One thing which is common for everything here is that it's about 32-bit builds.
1. Buffer pool autosizing (10.2)
Alignment to instances * chunk is pain everywhere, but on 32-bit systems it's worse.
innodb_buffer_pool_instances number has been auto-sized on 32-bit systems since (at least) 5.5. It didn't affect the user till InnoDB 5.7; but now it does – as in Lawrin's configuration above, the initial value is 1.5G, but InnoDB chooses to set instances to 11, and after that raises the buffer pool size to 2.75G. Obviously, when people set 1.5G (especially on a 32-bit systems, which means they probably don't have so many resources to begin with), they don't expect to have 2.75G taken instead.

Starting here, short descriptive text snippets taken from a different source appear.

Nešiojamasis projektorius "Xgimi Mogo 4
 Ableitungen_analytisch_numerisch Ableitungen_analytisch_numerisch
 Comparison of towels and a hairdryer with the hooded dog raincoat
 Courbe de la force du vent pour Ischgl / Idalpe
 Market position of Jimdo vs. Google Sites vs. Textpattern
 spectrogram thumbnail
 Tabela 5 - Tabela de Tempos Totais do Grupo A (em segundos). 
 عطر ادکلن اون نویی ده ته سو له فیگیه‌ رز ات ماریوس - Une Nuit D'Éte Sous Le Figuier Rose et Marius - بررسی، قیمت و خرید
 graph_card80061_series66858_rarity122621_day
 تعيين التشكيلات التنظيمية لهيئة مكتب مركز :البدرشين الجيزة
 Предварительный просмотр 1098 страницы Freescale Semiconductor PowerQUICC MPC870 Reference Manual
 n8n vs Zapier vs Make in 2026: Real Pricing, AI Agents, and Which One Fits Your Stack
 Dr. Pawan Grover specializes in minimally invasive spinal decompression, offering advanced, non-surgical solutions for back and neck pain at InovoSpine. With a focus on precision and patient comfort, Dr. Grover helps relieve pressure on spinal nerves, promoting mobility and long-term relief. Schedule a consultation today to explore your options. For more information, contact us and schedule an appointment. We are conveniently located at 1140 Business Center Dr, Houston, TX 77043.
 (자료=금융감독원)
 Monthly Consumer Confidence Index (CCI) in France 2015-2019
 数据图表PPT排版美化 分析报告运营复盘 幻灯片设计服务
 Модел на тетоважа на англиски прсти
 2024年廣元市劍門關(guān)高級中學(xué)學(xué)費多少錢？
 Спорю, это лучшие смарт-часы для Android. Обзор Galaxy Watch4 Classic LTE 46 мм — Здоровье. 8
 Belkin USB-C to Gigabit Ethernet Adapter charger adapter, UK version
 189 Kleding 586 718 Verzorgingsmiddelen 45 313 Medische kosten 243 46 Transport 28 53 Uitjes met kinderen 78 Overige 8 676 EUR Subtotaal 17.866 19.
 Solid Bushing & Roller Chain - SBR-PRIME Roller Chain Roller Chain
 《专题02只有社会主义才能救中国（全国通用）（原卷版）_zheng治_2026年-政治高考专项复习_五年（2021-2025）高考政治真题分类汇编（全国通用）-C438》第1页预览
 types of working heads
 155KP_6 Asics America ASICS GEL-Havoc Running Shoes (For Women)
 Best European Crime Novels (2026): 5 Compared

2. Buffer pool size over 2G (5.5-10.2)
MySQL manual claims that on 32-bit systems buffer pool size up to 4G is supported. I don't see it happen.
In Lawrin's case, The buffer appears to be initialized without errors, but when the time comes to use it, the assertion failure happens. It's reliably reproducible for me on a 64-bit Windows running 32-bit build of current 10.2 (I can't say anything about real 32-bit Windows, because don't have it handy).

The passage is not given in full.